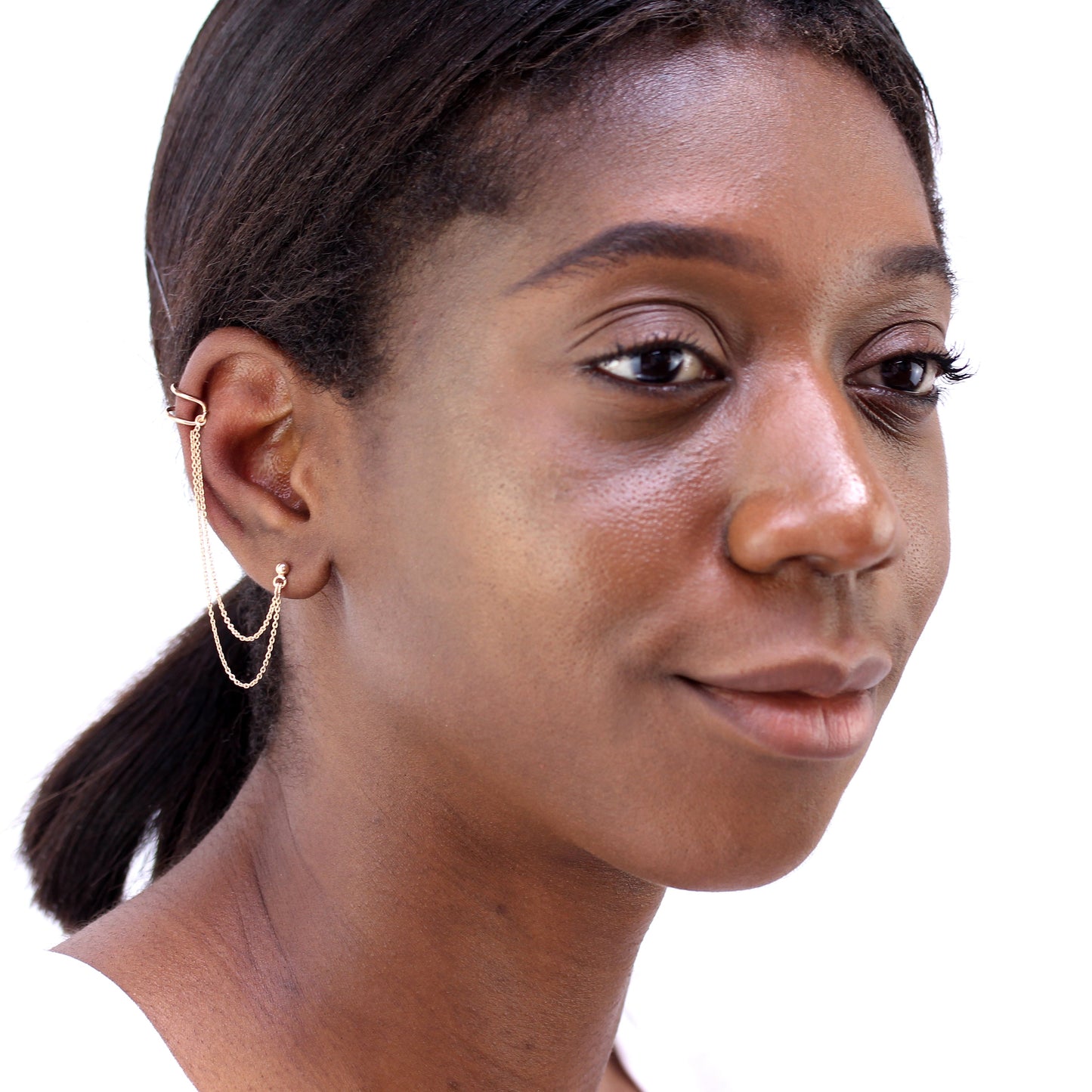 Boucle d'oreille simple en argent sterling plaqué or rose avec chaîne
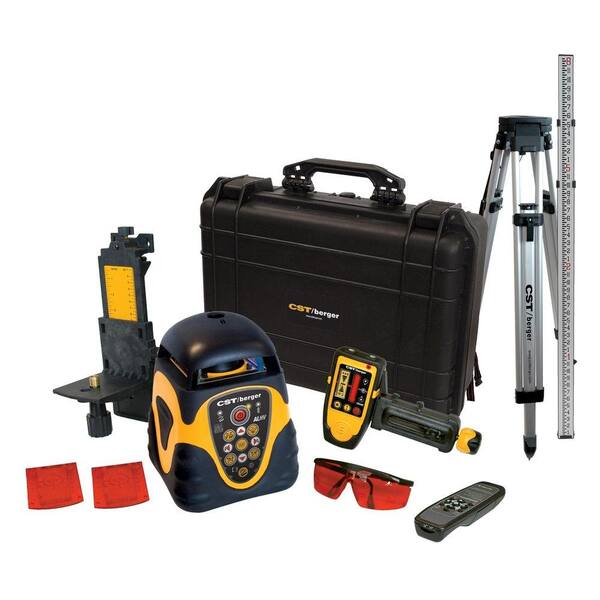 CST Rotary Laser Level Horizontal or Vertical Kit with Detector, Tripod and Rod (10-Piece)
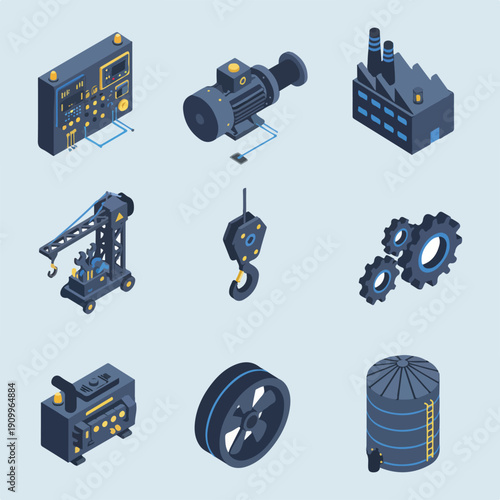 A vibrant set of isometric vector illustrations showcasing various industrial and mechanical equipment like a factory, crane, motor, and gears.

★ ★ ★

Beginning with the line that contains "CST Rotary Laser" in the data above, please copy each line exactly until the last line, both ends included, skipping any pictures.

*Exercise solution:*
 CST Rotary Laser Level Horizontal or Vertical Kit with Detector, Tripod and Rod (10-Piece)
 A vibrant set of isometric vector illustrations showcasing various industrial and mechanical equipment like a factory, crane, motor, and gears.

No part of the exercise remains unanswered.